# MAC dummie needs help..



## andrewsmc (Jul 14, 2009)

So my neighbor has a macbook.. Not sure what os or anything like that. All i know is that when you go to boot it it will just go to a loading screen and just stay there until you turn it off. He has no cd's or anything. And i coudnt find any bios options before the loading screen. Sum help plz?


----------



## twicksisted (Jul 14, 2009)

ok first things first... does he have a trashcan?

hehe

nah just kidding..
maybe this'll help:
http://support.apple.com/kb/TS1411


----------



## andrewsmc (Jul 14, 2009)

Lol... Cmon seriously.
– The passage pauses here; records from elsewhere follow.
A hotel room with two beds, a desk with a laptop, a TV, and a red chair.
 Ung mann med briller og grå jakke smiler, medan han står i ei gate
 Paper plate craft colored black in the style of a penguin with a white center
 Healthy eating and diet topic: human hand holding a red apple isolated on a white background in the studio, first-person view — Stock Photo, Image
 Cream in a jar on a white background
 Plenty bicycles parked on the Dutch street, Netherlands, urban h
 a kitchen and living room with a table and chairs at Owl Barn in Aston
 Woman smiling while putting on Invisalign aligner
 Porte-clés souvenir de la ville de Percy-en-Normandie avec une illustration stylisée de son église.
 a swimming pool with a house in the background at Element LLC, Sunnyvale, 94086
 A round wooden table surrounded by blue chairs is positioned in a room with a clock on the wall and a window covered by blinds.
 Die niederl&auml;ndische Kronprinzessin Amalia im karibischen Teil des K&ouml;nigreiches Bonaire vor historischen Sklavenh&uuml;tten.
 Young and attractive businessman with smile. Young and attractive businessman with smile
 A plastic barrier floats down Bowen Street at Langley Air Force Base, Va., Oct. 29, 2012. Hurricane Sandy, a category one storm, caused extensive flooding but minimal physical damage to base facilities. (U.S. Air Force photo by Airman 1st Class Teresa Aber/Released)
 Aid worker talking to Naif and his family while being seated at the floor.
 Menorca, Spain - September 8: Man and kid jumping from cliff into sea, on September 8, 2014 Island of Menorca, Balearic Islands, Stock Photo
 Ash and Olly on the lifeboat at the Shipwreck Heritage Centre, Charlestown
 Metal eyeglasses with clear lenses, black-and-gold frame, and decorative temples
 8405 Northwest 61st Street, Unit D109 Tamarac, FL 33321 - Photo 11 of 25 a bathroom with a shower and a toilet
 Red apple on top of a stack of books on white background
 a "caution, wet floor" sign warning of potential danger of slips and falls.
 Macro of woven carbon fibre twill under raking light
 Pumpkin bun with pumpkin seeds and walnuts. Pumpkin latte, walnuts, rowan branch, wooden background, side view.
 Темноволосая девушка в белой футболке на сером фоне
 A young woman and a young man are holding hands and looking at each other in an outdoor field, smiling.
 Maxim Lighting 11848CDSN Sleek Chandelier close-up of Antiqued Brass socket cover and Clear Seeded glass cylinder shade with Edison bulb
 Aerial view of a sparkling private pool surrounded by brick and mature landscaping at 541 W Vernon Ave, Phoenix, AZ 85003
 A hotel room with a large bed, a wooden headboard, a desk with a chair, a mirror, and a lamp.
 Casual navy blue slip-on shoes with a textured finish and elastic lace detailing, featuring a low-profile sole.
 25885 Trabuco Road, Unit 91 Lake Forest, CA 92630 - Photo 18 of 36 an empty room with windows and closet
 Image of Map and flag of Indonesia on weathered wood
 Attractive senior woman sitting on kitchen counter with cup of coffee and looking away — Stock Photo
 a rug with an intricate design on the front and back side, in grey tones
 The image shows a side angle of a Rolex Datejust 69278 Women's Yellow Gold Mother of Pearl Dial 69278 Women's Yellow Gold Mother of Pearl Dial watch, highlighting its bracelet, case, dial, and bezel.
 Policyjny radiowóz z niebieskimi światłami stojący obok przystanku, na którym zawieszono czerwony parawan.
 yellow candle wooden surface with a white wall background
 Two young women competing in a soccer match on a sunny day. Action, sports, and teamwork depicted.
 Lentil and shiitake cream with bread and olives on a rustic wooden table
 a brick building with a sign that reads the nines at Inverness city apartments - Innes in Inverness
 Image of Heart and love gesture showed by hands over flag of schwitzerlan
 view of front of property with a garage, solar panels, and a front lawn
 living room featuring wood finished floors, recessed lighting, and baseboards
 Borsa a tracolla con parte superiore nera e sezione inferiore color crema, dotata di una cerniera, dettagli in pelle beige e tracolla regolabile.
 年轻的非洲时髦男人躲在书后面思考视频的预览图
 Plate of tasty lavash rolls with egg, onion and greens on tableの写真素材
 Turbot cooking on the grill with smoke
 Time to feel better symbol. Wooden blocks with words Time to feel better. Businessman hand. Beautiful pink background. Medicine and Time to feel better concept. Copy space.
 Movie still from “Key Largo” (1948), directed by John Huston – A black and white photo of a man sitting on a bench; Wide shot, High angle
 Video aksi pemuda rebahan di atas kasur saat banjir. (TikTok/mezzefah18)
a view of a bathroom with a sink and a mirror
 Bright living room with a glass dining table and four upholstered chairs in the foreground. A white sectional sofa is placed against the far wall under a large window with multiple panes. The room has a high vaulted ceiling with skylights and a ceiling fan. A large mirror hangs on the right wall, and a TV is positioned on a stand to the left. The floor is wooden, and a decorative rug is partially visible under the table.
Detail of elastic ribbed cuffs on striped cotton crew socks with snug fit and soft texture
Im pc.. He mac guy.


----------



## TheLaughingMan (Jul 14, 2009)

reinstall the OS.  He will need to call another Mac guy for a disk or something


----------



## twicksisted (Jul 14, 2009)

try this: http://support.apple.com/kb/TS1411

this is to do with the no boot issue on the mac support site


----------



## Dippyskoodlez (Jul 16, 2009)

andrewsmc said:


> So my neighbor has a macbook.. Not sure what os or anything like that. All i know is that when you go to boot it it will just go to a loading screen and just stay there until you turn it off. He has no cd's or anything. And i coudnt find any bios options before the loading screen. Sum help plz?



There is no bios.

Intel based macs use Intel's BIOS replacement, known as EFI.

Holding down S or V for single user mode, or Verbose will help you troubleshoot the problem.

I would go with Verbose mode first, see what errors it gives since it is hanging on boot. Single user mode will give you a command line. Most linux/BSD commands work in OSX just like Linux/BSD.


----------